- Says it was again informed by premier security agencies that they have found no evidence of any conspiracy
The National Security Committee (NSC) said on Friday that there was no foreign conspiracy to topple the Imran Khan-led government, according to a statement.
“The NSC discussed the telegram received from the Pakistan Embassy in Washington. Pakistan's former ambassador to the US briefed the committee on the context and content of his telegram,” a statement released after the NSC meeting said.
Chaired by Prime Minister Shehbaz Sharif, the meeting was attended by ministers for defence, energy, information and broadcasting, interior, finance, human rights, planning, development and special initiatives, chairman joint chiefs of staff committee, services chiefs, national security adviser and senior officers.
The NSC — the highest forum for coordination on security issues – in its statement said that it was again informed by the premier security agencies that they have found no evidence of any conspiracy. The NSC added that it concluded that "there has been no foreign conspiracy".
The development comes after repeated claims by former prime minister Imran Khan who has blamed a West-led conspiracy for the no-confidence motion against him.
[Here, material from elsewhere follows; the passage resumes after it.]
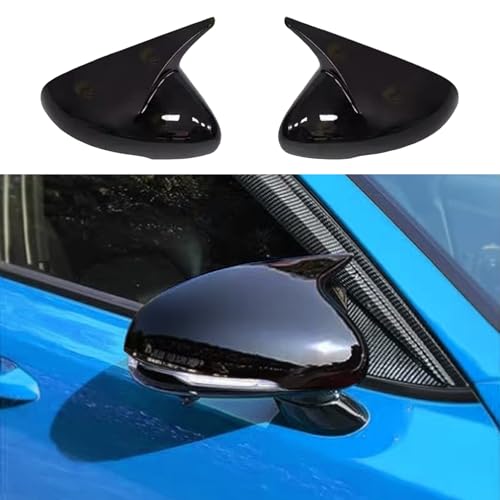 Blazeray for Kia Stinger 2018 2019 2020 2021 2022 2023 2024 Car Styling ABS Door Ox Horn Rear View Mirror Shell Cover Caps Trim Exterior Decoration Accessories with Turn Signal Light 2PC(Bright Black) - color: Bright Black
He also flashed a "letter" during a rally on March 27, which he said was proof of the threat made to his government,
He said the “threat letter” carried details of the ambassador's meeting with Assistant Secretary of State for South and Central Asia Affairs Donald Lu in which the latter allegedly threatened Pakistan.
Washington has denied the charge on multiple occasions.
Meanwhile, talking to the media regarding the NSC meeting, Interior Minister Rana Sanaullah said participants discussed minutes of the previous NSC meeting and took a briefing from the concerned diplomat on the cipher.
"After a detailed discussion, a comprehensive press release has been issued and Prime Minister Shehbaz Sharif has directed government officials to not discuss it further," he said.
“[...] The statement, however, clarifies that there was no conspiracy against Imran Khan,” the interior minister said.
According to Khan, however, Ambassador Majeed, in the cable, reportedly said Lu warned his continuation as the prime minister would have repercussions for bilateral relations. He claimed that the US was annoyed with his “independent foreign policy” and visit to Moscow.
Khan and his party have also claimed that the alleged threat of his ouster in the cable and the no-confidence motion against him in the National Assembly were interconnected. He said in his speeches that the NSC had endorsed the alleged conspiracy.
In response to the evolving situation, Director-General Inter-Services Public Relations (ISPR) Major General Babar Iftikhar held a press briefing last week, saying the word “conspiracy” was not mentioned in the communiqué issued following the NSC meeting last month.
“You can see clearly whether there's any word of conspiracy in that statement. I don't think so,” he said, adding that the demarche was issued to the United States because the language used in the “diplomatic cable” was undiplomatic that amounts to “interference” in the country’s internal matters.
Meanwhile, PTI has continued to peddle its narrative by staging rallies and protests across the country, covering Peshawar, Karachi, and Lahore.
Just on Thursday, Khan called for his supporters to wait for his call, hinting towards a march to Islamabad.